Unfortunately, city center meant everyone was on the fucking roofs.
He jumped to the next ledge and dodged around another kid, who shouted and threw herself backwards onto her ass in an attempt to get away from him (still got it, baby), before grabbing a flagpole hanging off the roof and swinging down and around to another beam. He pushed off of this one, too, before propelling himself straight at a window on the next building over, fully intending to break the damn thing open if he found glass panes.
Fortunately, it was a screen instead of a closed window, so he just liquefied himself and phased through. Easy as shit, thank you, I’ll be here all week.
A second later, there was a sword blade resting just barely against his jugular. Behind him, his clothes plopped wetly against the other side of the screen and then fell about eighteen stories to the ground below. Suigetsu pretended to not be proud of the cries of alarm. “Sure, boss,” he said cheerfully, ignoring the blade entirely and turning to face his unwitting host. “Go right ahead. I’ll just sit here and mock the ink smudge on your cheek and the bedhead while you go at it.”
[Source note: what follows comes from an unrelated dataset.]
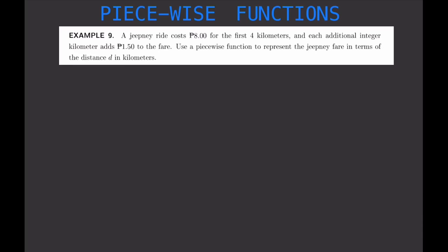Let's have another example. A jeepney ride costs 8 pesos for the first four kilometers, and each additional integer kilometer adds 1.5 pesos to the fare. Use a piecewise function to represent the jeepney fare in terms of the distance d in kilometers. This problem describes a piecewise function, so our job is to find that function.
Sasuke pulled his sword back and gave him a look that would make a lesser nin dry up and crumple to dust.
“Put some clothes on, you idiot,” he snapped, and turned to stomp off towards a door that Suigetsu presumed was a bedroom. Suigetsu counted it as a win and made his way across the living room to the kitchen. Oh, look, a refrigerator! Why yes, I am a little hungry. Ooh, yogurt! He helped himself to the yogurt, and then a bottle of water and a plate of rice balls, leaning his naked thigh against the open refrigerator door as he munched cheerfully. Sasuke came back into the room and threw a change of clothes at his head over the kitchen island before grumpily stomping back to his couch. There was a scroll resting on the floor near one of the arms and a pen leaking ink slowly onto a pillow still indented from what Suigetsu assumed was an unintentional nap. Sasuke picked the scroll up and smoothed it out, scowling at the wrinkles in the paper, before visibly setting himself to read it instead of pay attention to his guest. Suigetsu grinned and sauntered over, holding onto the change of clothes but not putting them on. He put the half-eaten plate of rice balls on top of the clothes and took another swig from the water bottle. Sasuke’s eye twitched.
“Rice ball?”
“Get the fuck out.”
“Aw, man, what’d I do?” Suigetsu asked, grinning with all his teeth.
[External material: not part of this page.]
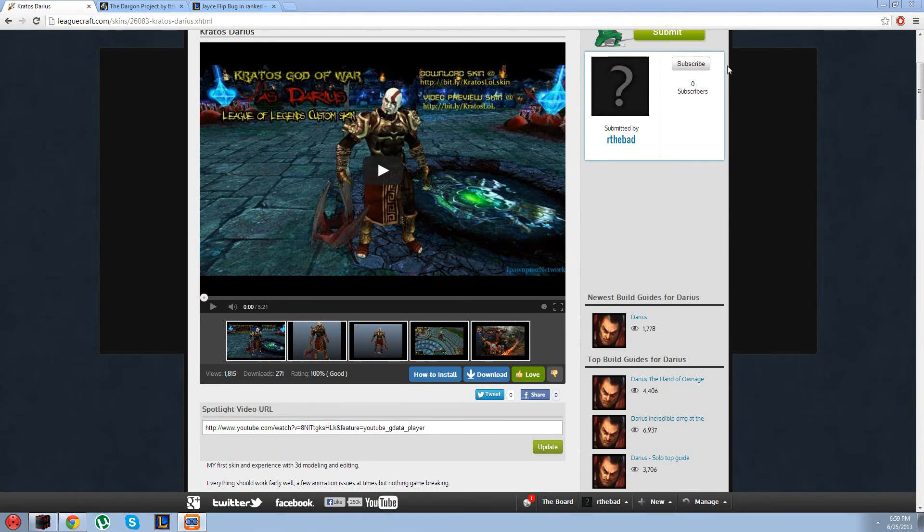Alright guys, so a bunch of you have been asking how to install my skin, so here it goes.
“You were born,” Sasuke snapped, eyes glued to the scroll in a very poor show of ignoring his former teammate, considering he was actually responding to Suigetsu when he said something. Suigetsu grinned even wider and leaned back against the other arm of the couch, stretching his feet until they rested firmly on Sasuke’s low coffee table and placing the clothes strategically in his lap so that Sasuke’s prudish sensibilities wouldn’t be offended.
“Meh, couldn’t be helped,” he responded dismissively, waving a hand. “You get called to get your head examined yet?”
Sasuke grunted.
“Still crazy as fuck?”
“Why are you annoying me?”
“Boredom, mostly,” Suigetsu returned easily, selecting another rice ball and biting it in half.
“Go annoy Karin.”
“Man, you’re hostile today! I already did that, anyway. She makes awesome soba! But I bet you knew that, eh?” he asked with a strategic eyebrow waggle. Sasuke was looking at the scroll like he was ready to kill something with it. Suigetsu felt very accomplished as he ate the last rice ball and considered going back for the veggies he’d seen.
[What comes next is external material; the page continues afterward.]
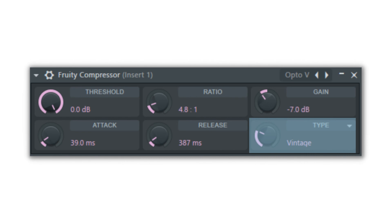Hard means that once the threshold is passed, the compressor kicks in fully. Medium allows 6 decibels where the compression is applied, vintage allows 7 decibels, and soft will apply the compression over 15 decibels of sound. So if you have a soft knee, the compression of the sound will increase to your set ratio over 15 decibels, and you can see it on the graph.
“They asked me a lot of bullshit,” he told Sasuke, spinning the bottle of water lazily between his hands. “Lots of shit about what Orochimaru did and what Madara did and all. I think they were expecting to need to pull out a doll! ‘Show us where the bad men touched you!’ Hah. Like Orochimaru was interested in that bullshit, and I’d bet Madara didn’t even have a dick.” He laughed. Sasuke’s face went from annoyed to long-suffering. Suigetsu mentally patted himself on the back, then got up and lazily phased into the pants, not bothering to bend down to put them on all the way, and sauntered over for the veggies. And another water bottle. Hey, better than turning into a puddle on Sasuke’s floor, right? Right. Ooh, an energy drink!
“Got the chick that was Orochimaru’s student, though, so I guess she had reasons to be concerned the old bastard had gotten more perverted in his old age,” he called over his shoulder as he finished the drink and selected a carrot. “Karin says they didn’t ask about anything else either, though, so I dunno. Maybe they’re just really focused on Leaf deserters.”
Sasuke answered with a sigh before putting down his scroll and moving closer, presumably so Suigetsu would stop shouting loud enough to disturb his neighbors.
“It’s sorta weird, ya know,” Suigetsu continued, thoughtfully modulating his voice back to reasonable levels. “Like, do they really not give a shit about anything except their big baddies? Sound wasn’t a cake walk even without Mr. Prehensile Tongue eyeing everyone sideways.”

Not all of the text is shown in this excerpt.